INPUT DATA =
=== Section Start ===

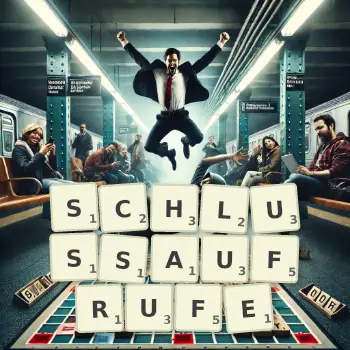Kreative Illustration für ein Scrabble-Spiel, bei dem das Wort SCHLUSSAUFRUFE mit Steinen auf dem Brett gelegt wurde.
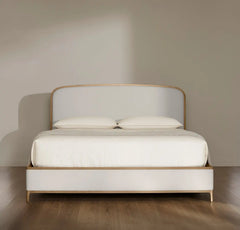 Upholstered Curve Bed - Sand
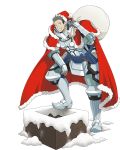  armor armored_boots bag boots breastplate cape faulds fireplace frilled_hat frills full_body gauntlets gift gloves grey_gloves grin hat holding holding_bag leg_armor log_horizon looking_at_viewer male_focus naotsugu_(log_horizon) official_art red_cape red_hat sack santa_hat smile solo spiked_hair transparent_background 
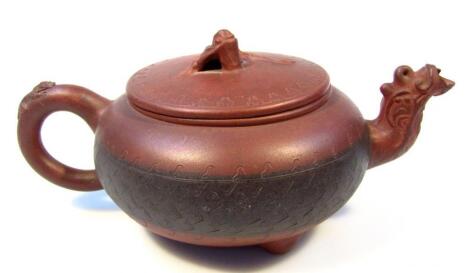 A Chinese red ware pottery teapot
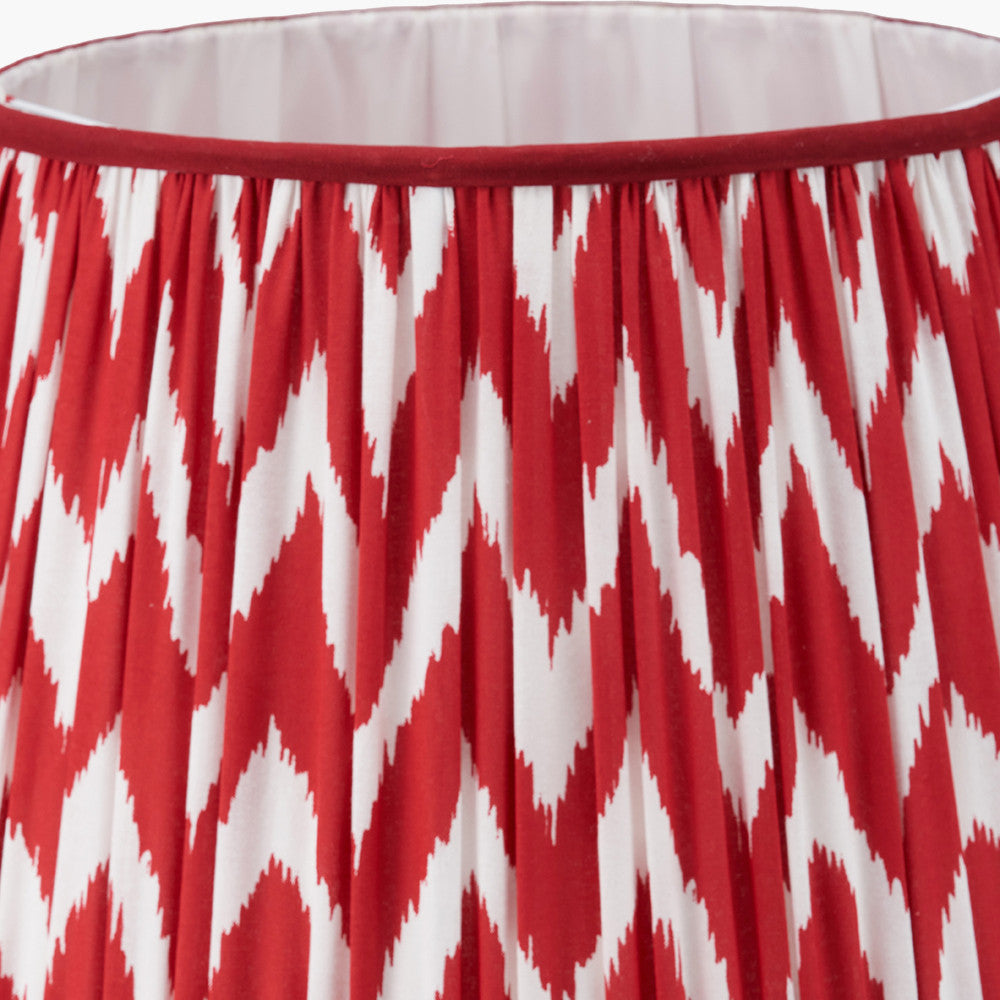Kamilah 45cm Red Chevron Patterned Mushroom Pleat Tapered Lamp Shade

=== Section End ===

ACTIVITY = Exactly as they appear above, write out all the entries, without pictures.

RESPONSE TO THIS EXERCISE =
Kreative Illustration für ein Scrabble-Spiel, bei dem das Wort SCHLUSSAUFRUFE mit Steinen auf dem Brett gelegt wurde.
 Upholstered Curve Bed - Sand
  armor armored_boots bag boots breastplate cape faulds fireplace frilled_hat frills full_body gauntlets gift gloves grey_gloves grin hat holding holding_bag leg_armor log_horizon looking_at_viewer male_focus naotsugu_(log_horizon) official_art red_cape red_hat sack santa_hat smile solo spiked_hair transparent_background 
 A Chinese red ware pottery teapot
Kamilah 45cm Red Chevron Patterned Mushroom Pleat Tapered Lamp Shade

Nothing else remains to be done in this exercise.